Eye For Film >> Movies >> Maya Dardel (2016) Film Review
Maya Dardel
Reviewed by: Amber Wilkinson
It's rarely a good sign when a film changes its name in the middle of a festival run. Name-switching is generally the first line of defence for weak films, in an attempt to distance themselves from critical reviews. Recent examples include the multiple monikered Two Mothers/Adore and Predisposed/Why Stop Now? But if the film retains its flaws, at least the simplified Maya Dardel is an improvement on its SXSW title Critically Endangered Species, which suggests the self-indulgence to come - and no doubt provided every early reviewer with an irresistible one-liner.
Zachary Cotler and Magdalena Zyzak's story revolves around the titular character (Olin), a famous writer, who calls up a radio show one morning to reveal she plans to commit suicide rather than slip gently into middle-aged mediocrity. She reveals she plans to leave her estate to an up-and-coming writer, with the caveat that they must be male and intellectually talented.

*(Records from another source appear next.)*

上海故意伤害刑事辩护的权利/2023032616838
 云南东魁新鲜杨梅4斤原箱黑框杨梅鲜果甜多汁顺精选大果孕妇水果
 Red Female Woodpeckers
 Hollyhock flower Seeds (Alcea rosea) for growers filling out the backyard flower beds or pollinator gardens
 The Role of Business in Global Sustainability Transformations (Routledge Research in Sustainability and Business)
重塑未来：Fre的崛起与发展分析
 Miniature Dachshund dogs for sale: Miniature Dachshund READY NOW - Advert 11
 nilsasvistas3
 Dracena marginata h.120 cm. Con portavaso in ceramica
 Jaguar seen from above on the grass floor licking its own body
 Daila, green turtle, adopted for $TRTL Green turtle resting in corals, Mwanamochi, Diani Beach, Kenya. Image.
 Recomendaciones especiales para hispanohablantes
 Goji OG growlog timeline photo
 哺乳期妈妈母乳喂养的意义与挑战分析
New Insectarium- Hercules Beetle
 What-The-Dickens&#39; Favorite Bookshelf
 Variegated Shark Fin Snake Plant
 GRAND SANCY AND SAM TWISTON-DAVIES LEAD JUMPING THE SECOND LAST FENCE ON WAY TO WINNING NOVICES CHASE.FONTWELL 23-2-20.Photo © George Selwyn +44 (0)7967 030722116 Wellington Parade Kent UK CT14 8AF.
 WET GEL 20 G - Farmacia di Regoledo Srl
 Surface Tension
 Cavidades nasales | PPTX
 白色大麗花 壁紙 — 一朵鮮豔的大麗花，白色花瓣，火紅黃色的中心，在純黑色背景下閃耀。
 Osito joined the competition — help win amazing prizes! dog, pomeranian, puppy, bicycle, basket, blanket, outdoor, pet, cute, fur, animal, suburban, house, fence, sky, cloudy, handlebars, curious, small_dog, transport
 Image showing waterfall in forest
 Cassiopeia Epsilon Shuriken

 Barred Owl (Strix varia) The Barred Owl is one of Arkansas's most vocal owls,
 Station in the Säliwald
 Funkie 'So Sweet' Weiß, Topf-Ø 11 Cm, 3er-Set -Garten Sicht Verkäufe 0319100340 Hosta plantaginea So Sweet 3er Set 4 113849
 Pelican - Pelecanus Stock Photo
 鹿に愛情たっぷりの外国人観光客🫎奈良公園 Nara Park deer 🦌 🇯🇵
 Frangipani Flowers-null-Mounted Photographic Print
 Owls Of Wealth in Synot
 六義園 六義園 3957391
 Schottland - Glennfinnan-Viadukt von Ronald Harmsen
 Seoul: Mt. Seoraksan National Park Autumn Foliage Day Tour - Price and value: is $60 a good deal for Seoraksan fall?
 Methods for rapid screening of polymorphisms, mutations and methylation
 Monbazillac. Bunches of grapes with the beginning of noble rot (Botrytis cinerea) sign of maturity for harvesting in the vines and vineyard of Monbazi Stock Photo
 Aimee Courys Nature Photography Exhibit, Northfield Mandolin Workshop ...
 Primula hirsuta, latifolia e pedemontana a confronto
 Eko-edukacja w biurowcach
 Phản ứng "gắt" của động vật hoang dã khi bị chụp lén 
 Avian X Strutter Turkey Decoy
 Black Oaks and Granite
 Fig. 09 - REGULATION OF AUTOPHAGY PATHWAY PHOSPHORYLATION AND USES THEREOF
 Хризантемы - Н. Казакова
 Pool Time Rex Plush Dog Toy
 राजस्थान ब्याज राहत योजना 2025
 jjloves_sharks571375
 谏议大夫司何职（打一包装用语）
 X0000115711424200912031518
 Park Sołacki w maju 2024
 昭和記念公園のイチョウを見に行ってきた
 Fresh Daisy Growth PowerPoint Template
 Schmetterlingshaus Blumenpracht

Things start well in the confines of her California home, as Olin brings a steely intensity and aloofness to Maya, who, it turns out is interested in whether her prospective heirs' sexual swords are mightier than their pens. What could have become an interesting film on power dynamics, ageing and sexual tension soon slumps into a much more pedestrian plot - as she whittles the field down to the milquetoast Ansel (Nathan Keyes) and hot blood Paul (Alexander Koch).
Cotler and Zyzak begin to craft a talkathon that strives for intellectual heights but which rarely rises above navel-gazing. Their backgrounds are in the written word - poetry and novels respectively - but a film needs to come alive in ways that word on a page do not.
The acting is also out of kilter, with Keyes and Koch several leagues below Olin's in terms of talent, but the biggest problem is that the film simply isn't as smart as it thinks it is - it's hard to see why either of these men would provide enough entertainment to Maya to satisfy her for an hour, let alone the multiple visits they make. What's the fun of manipulation is the 'victim' is such a push-over?
The most enjoyable aspects of Maya Dardel lie away from its pseudy centre, in the excellent cinematography from Patrick Scola, which makes the most of 'half light, and in the sparky relationship between Maya and her neighbour (Roseanna Arquette, who proves Olin's equal). There is talent here but too much of it is wasted.